VIENNA: German Chancellor Angela Merkel, stung by several setbacks at the ballot box over her refugees policy, was due in Vienna Saturday for potentially tense talks with the leaders of countries along the Balkan migrant route.
They include Prime Minister Victor Orban of Hungary who has been sharply critical of Merkel’s “open-door” policy, Prime Minister Alexis Tsipras of Greece, a country now home to 60,000 stranded migrants, and Boyko Borisov, premier of newly under-pressure Bulgaria.
Orban called on Thursday for all illegal migrants to be deported from the European Union to “large refugee camps” on an island or in North Africa where their asylum claims could be processed.
EU President Donald Tusk and Migration Commissioner Dimitris Avramopoulos were also expected, along with representatives from hosts Austria, Croatia, Romania and Slovenia, plus non-EU Serbia, Macedonia and Albania.

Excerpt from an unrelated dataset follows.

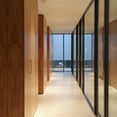 pasillo con mamparas de cristal y paredes revestidas en madera
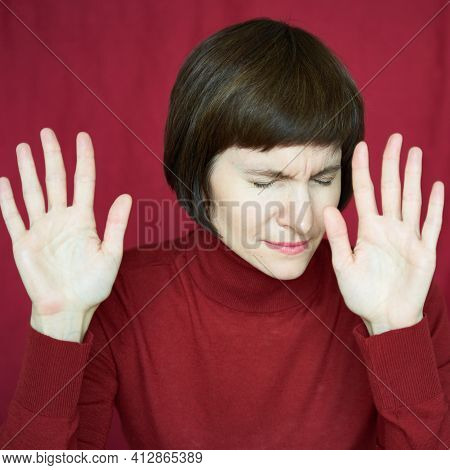 Portrait Of Mature Woman In Distress, Hands Up, Stoping Situation, Stop Gest. Agitated Tensed Face.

Last year hundreds of thousands of people, many fleeing the Syrian war, trekked up from Greece though the western Balkans northwards, particularly into Austria, Germany and Scandinavia.
In March though, under pressure from Austria, Balkan countries closed their borders, and the flow has since slowed dramatically, although 100-150 still make it to Austria every day, Vienna says.
The same month the EU struck a deal with Turkey—home to more than three million refugees—under which Ankara halted the influx in return for billions in aid and other sweeteners.
The pact may yet collapse, however, in the wake of the July 15 coup attempt in Turkey.
Greece under strain
Greece meanwhile remains under severe strain.
An EU scheme to share out large concentrations of migrants who have gathered in Greece, and also in Italy, has not met expectations, and extra administrative assistance promised by the EU has been insufficient. There was also a huge fire at a refugee camp on Lesbos on Monday.
Bulgaria, the EU’s poorest country, is home to around 10,000 stranded migrants although Brussels has promised Sofia extra help and a new EU border force will start operations on Bulgaria’s border with Turkey on October 6.
Not all of those attending in Vienna necessarily see eye-to-eye on Europe’s worst migration crisis since 1945.
Chancellor Christian Kern of Austria, which is making preparations to seal its borders if needed, said that the aim of Saturday’s gathering was to take stock of the situation in the Balkans.
“Athens is still able to more or less handle the situation. But the pressure is going to grow,” Kern told the Standard daily.
The difficulties of making it through to the Balkans has prompted increasing numbers to attempt the treacherous sea crossing from Libya or Egypt to Italy.
More than 300,000 migrants have crossed the Mediterranean this year, the UN said on Tuesday, down from 520,000 from the first nine months of 2015. But deaths this year— 3,500 so far—could exceed last year’s total.
In the latest disaster, more than 160 migrants drowned on Friday when their overcrowded boat sank off the Egyptian coast.